A faithful copy of the listing below is needed, one that contains no pictures.

Source material section start

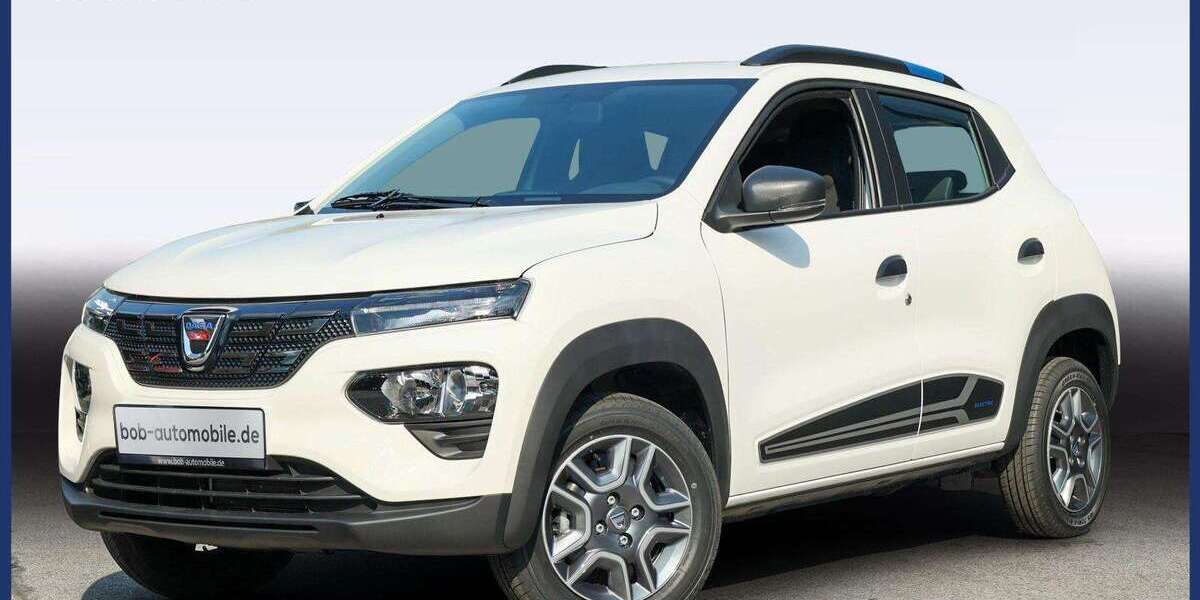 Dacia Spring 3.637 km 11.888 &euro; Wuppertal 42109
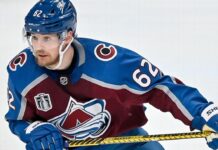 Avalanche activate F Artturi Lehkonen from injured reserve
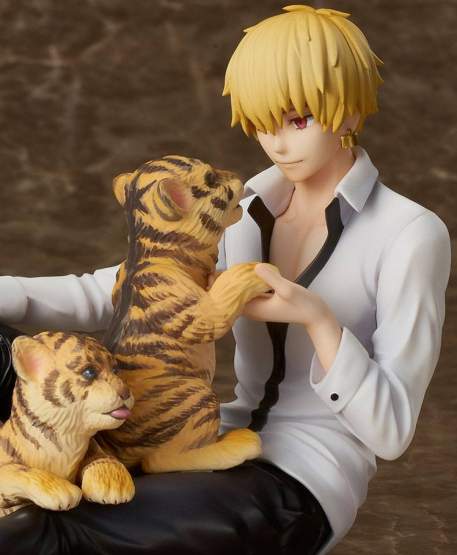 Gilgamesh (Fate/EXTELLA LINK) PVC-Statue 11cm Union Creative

Source material section end

> _Result for this task_:
 Dacia Spring 3.637 km 11.888 &euro; Wuppertal 42109
 Avalanche activate F Artturi Lehkonen from injured reserve
 Gilgamesh (Fate/EXTELLA LINK) PVC-Statue 11cm Union Creative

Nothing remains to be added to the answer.